Originally, I had developed a game with the idea that this was going to be packaged with a level editor, like Lode Runner, which was one of the games that had inspired Prince of Persia. And I thought that by packaging the level editor with the game, users would then have fun creating their own levels. And so I was thinking of it in a very abstract way, as kind of a puzzle game with action.
And at this point, at the point you mention, I realized that that the game -- although technically it had come together, and working in all the ways it was supposed to -- it wasn't giving the player a fun, exciting experience in the way I had hoped.
And so in a period of a few weeks, and months -- fairly close the end -- I radically changed the design of all the levels, the pacing, the rhythm of the game, the balance of action, exploration, and puzzle solving, and combat. I found the fun, found the balance that made Prince of Persia what it was.
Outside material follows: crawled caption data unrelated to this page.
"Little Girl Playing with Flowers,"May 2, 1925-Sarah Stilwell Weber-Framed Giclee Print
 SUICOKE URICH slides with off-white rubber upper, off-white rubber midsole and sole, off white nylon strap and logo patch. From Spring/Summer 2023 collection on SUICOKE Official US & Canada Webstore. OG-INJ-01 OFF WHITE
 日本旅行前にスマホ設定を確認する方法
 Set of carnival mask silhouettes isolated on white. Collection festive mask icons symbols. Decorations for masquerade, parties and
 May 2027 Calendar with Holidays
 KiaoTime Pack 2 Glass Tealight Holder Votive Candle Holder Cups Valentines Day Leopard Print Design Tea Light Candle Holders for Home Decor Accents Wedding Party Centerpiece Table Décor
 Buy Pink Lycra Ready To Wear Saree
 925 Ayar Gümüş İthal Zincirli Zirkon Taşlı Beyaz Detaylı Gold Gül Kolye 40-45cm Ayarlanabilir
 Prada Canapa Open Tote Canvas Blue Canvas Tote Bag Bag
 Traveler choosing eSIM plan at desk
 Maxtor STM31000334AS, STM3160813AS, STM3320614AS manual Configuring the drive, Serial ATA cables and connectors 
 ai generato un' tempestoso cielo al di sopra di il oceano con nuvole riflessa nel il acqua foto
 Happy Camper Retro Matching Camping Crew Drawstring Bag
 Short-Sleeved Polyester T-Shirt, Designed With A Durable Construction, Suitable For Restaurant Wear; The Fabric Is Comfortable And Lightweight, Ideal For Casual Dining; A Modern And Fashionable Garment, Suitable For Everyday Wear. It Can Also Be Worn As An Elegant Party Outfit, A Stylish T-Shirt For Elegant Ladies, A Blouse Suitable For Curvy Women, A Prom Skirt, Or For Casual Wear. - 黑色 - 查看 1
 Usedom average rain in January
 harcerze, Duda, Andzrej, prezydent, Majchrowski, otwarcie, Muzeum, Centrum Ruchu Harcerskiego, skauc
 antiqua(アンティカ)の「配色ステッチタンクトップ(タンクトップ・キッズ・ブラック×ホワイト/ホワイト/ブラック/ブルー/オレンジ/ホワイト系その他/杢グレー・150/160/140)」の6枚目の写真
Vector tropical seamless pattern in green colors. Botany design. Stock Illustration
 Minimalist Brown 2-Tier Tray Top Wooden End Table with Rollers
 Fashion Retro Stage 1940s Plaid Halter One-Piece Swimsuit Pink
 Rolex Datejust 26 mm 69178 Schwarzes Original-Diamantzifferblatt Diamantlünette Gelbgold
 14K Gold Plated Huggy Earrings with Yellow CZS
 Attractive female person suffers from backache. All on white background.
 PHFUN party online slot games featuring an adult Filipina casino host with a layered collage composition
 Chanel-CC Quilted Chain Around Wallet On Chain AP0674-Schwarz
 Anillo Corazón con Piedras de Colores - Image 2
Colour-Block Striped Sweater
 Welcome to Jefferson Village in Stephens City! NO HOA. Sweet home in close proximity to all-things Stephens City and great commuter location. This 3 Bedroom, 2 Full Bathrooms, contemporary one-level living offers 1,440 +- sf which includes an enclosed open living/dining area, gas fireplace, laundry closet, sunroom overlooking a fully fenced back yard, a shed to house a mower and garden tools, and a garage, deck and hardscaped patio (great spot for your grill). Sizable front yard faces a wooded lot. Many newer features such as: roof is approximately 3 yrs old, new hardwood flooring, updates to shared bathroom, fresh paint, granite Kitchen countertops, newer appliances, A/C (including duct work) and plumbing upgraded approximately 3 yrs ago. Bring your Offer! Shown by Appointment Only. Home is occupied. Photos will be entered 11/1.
But it was only possible to do that at that late stage because I had invested so many months early on in building a fully-featured level editor, that made it very fast for me to build new levels. You know, move enemies and traps around, and then instantly play the game, and iterate very quickly, so I could actually build a completely new level, and playtest it in a day. And that's what made it possible to rebuild the game at such a late stage.
That's something that's a lot harder to do today. Building an environment in a triple-A console game requires dozens of artists working for months to build the world, and make it look good. You have to make certain decisions early on, but because Prince of Persia was so modular, it was cheap to tear down a level and rebuild a new one from scratch.
Until I read this, I didn't realize what a huge influence Lode Runner was on you. Thinking of them as finished products, I wouldn't see the connection. But the connection, in the end, became more subtle, but also more profound, I guess.
JM: Lode Runner is deep in Prince of Persia's DNA. Lode Runner is like the light pencil sketch that you can't see anymore by the time you have a finished ink drawing.
You talk about trying to find the goal for the game -- the opponent. You write, "the more human, the better." That's something about Prince of Persia. It bucked the trends of the time. Prince of Persia is a very humanistic game.
JM: Yeah, I really wanted to make a game that would also be an exciting and visceral human drama. Even the animation -- sort of the original concept that launched me on making Prince of Persia was the idea that it would be a platform game where you could run, and jump, and fall to your death, and so forth, but that if you fell you would really feel that it hurt, that your character was flesh and blood, as opposed to the sort of the Lode Runner, Mario Bros. kind of characters that could float, that felt that they didn't really have bones to break.